Die Deutsche Alzheimer Gesellschaft (DAlzG) unterstützt die wissenschaftliche Forschung zur Alzheimer-Krankheit. Die Forschungsförderung 2024 beträgt insgesamt rund 270.000 Euro. Mit dieser Summe werden drei Projekte gefördert, welche die medizinische und pflegerische Versorgung der Betroffenen verbessern sollen.

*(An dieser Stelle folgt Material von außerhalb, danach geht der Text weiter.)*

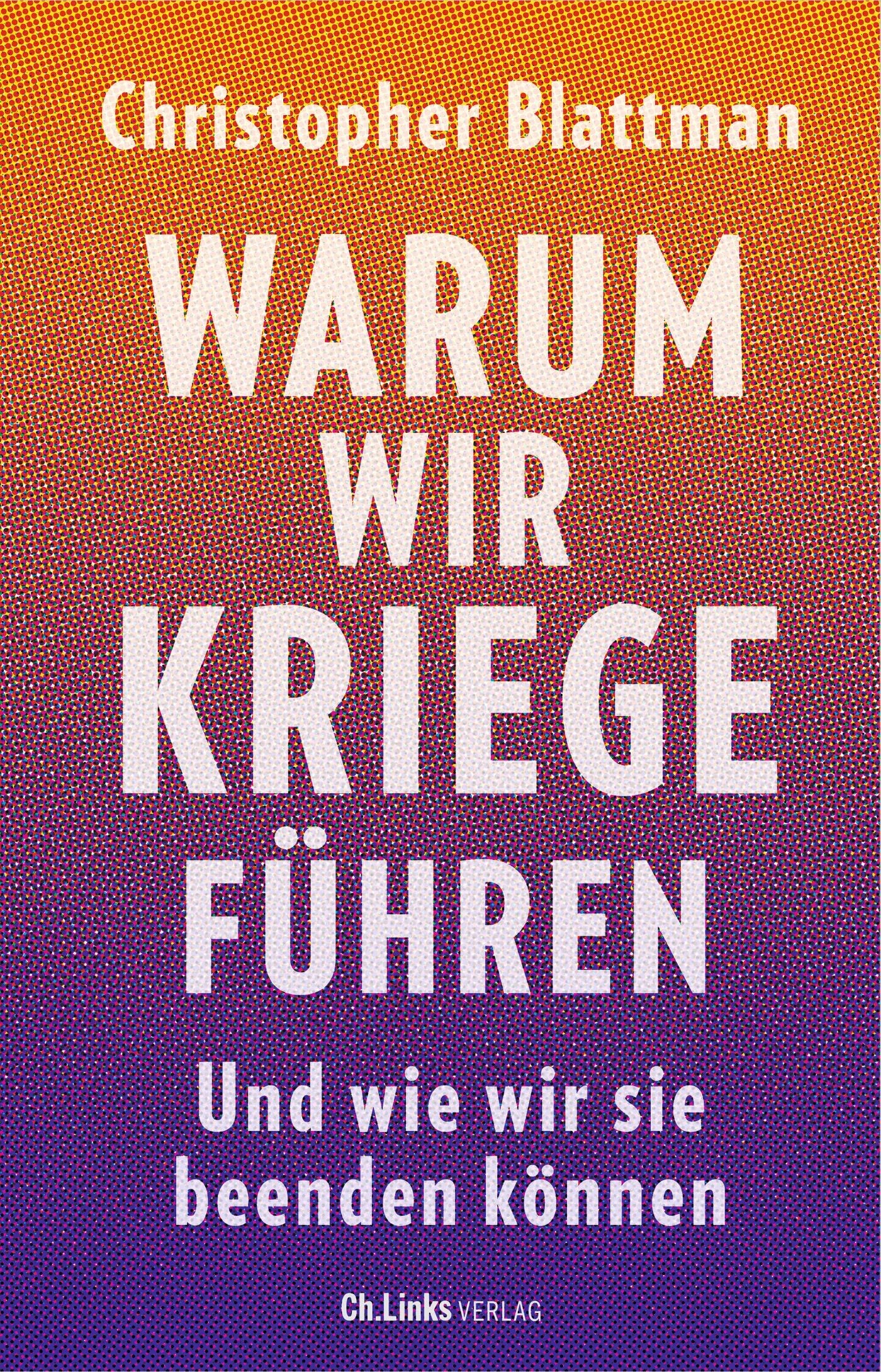 Buchcover von 'Warum wir Kriege führen' - Gebundene Ausgabe von Christopher Blattman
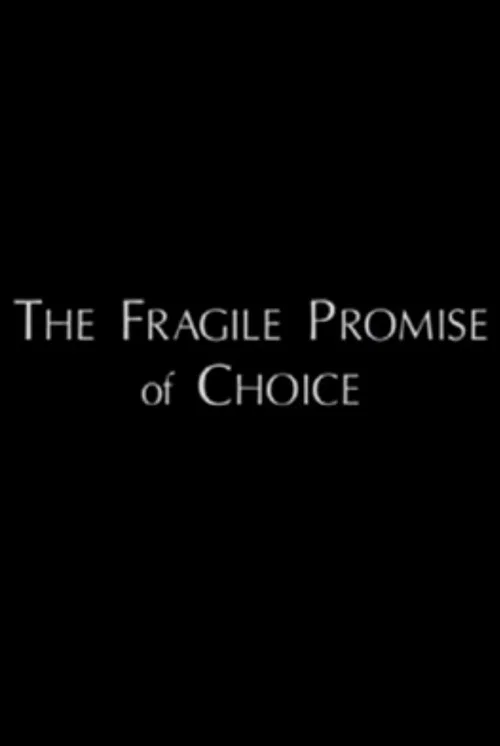 The Fragile Promise of Choice постер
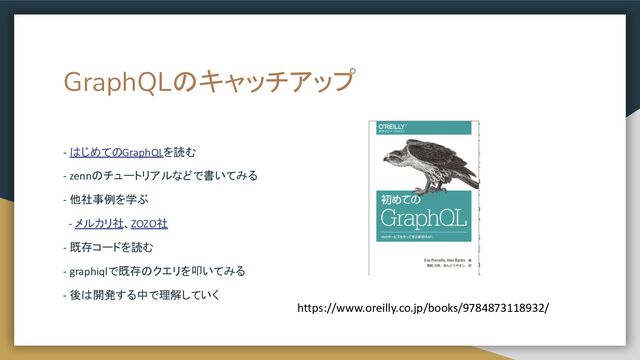 GraphQLのキャッチアップ
- はじめてのGraphQLを読む
- zennのチュートリアルなどで書いてみる
- 他社事例を学ぶ
- メルカリ社、ZOZO社
- 既存コードを読む
- graphiqlで既存のクエリを叩いてみる
- 後は開発する中で理解していく
https://www.oreilly.co.jp/books/9784873118932/
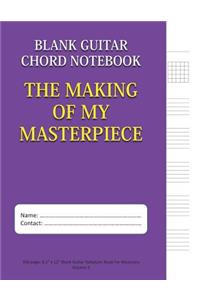 The Making of My Masterpiece - Blank Guitar Chord Notebook
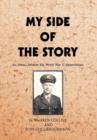 My Side of the Story : An Iowan Relates His World War II Experiences - Book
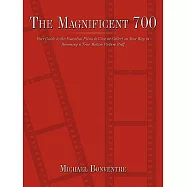 The Magnificent 700: Your Guide to the Essential Films to View or Collect on Your Way to Becoming a True Motion Picture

Zu den geförderten Projekten gehören:

  • "MIF als eine neuartige, therapierbare, molekulare Schnittstelle zwischen der sporadischen Alzheimer Demenz und externer, auslösender Faktoren" von Prof. Dr. Carsten Korth an der Heinrich-Heine-Universität Düsseldorf. Dieses Projekt untersucht den Macrophage Migration Inhibitory Factor (MIF) als mögliche Zielstruktur für neue Medikamente.
  • "Der Einfluss des oralen Mikrobioms auf die Pathophysiologie der Alzheimer-Krankheit" am LVR-Klinikum Düsseldorf. Dieses Projekt untersucht den Zusammenhang zwischen Erkrankungen des Mundraums und der Entwicklung einer Alzheimer-Demenz.
  • "Ein diagnostischer Test für die Alzheimer-Krankheit auf der Grundlage einer Stuhlanalyse" rund um Prof. Dr. Gültekin Tamgüney von der Heinrich-Heine-Universität Düsseldorf. Dieses Projekt untersucht, ob sich Beta-Amyloid-Aggregate (Aβ) und/oder Tau-Aggregate im Kot von Alzheimer-Patienten nachweisen lassen.
  • "Neuentwicklung eines rekognitionsbasierten Testing the Limits-Paradigma zur Früherkennung bei Demenz" an der Neurologischen Universitätsklinik Ulm.
  • "Entwicklung eines Instrumentes für die differenzierte Erfassung von Alltagsbeeinträchtigungen aufgrund kognitiver Abbauprozesse - Ein Ansatz zur Verbesserung der Früherkennung und Diagnostik von Demenzen und deren Vorstufen Leichter Neurokognitiver Störungen in Forschung und Praxis" des Instituts für Sozialmedizin, Rehabilitationswissenschaften und Versorgungsforschung (ISRV) & Fachbereich Wirtschafts- und Sozialwissenschaften der Hochschule Nordhausen gemeinsam mit dem Institut für Sozialmedizin, Arbeitsmedizin und Public Health (ISAP) der Medizinischen Fakultät der Universität Leipzig.
  • "Validierung der Checkliste für leichte Verhaltensbeeinträchtigungen (C-LVB)" des Instituts für Sozialmedizin, Arbeitsmedizin und Public Health der Universität Leipzig.
  • "DemTect Eye+Ear - Kognitives Screening bei Menschen mit sensorischen Einschränkungen" an der Universität Köln.
  • "Zusammenhang zwischen einer Ernährungsintervention und Epigenetik zur Prävention von Demenzerkrankungen" vom Universitätsklinikum Köln.
  • "Demenzprävention durch Verbesserung der Hörgeräteversorgung - AD-HEARING" der Universitätsmedizin Göttingen.
  • "Übersetzung, Evaluation und Dissemination des Dementia Isolation Toolkit (DIT-G)" von der Uniklinik Köln.
  • "EMPOR - Entwicklung eines Leitfadens für Gespräche zwischen Pflegefachpersonen und Angehörigen von Menschen mit Demenz in Pflegeheimen zum sinnvollen und zielgerichteten Einbezug dieser in die Versorgung" vom Universitätsklinikum Hamburg-Eppendorf.
  • "Kognitive Stimulation in der stationären Langzeitpflege: Entwicklung und Pilotierung eines 24-Stunden Ansatzes im Rahmen einer Mixed-Methods-Studie" der Universitätsmedizin Köln.
  • "Sichere Orte? - Schutzkonzepte in Pflegeheimen für Demenzkranke" an der Universität Hildesheim.
  • "Optimierung der Medikation bei Heimbewohnern mit fortgeschrittener Demenz - eine Interventionsstudie zur Reduktion von Antipsychotika" an der Technischen Universität München.
  • "BB-DARS: Blut-Biomarker-DrAinage-Reserve-Score zur personalisierten Risikoabschätzung einer ARIA unter Aß-Immuntherapie" von der Otto-von-Guericke-Universität Magdeburg.
  • "MagDeburger DrAinage-Reserve-Score zur individualisierten, MRT-basierten Vorhersage der perivaskulären zerebralen Drainage bei Patienten entlang des Alzheimer-Kontinuums" von der Otto-von-Guericke-Universität Magdeburg.

Ein weiteres Beispiel ist die Forschung von Prof. Dr. Marco Rust von der Philipps-Universität Marburg, der die Rolle des Proteins Cofilin1 bei der Kommunikation zwischen Nervenzellen untersucht. Sein Ziel ist es, das Protein CAIP als neue Therapie-Option für die Alzheimer-Krankheit zu etablieren.

Der Einfluss des Lebensstils

Neben der medizinischen Forschung gibt es auch Hinweise darauf, dass der Lebensstil eine Rolle bei der Entstehung von Alzheimer spielen kann. Eine ausgewogene Ernährung, körperliche und geistige Aktivität, ein kurzer Mittagsschlaf und der Verzicht auf Gifte können das Risiko möglicherweise mindern. Selbst Heiraten soll das Risiko senken.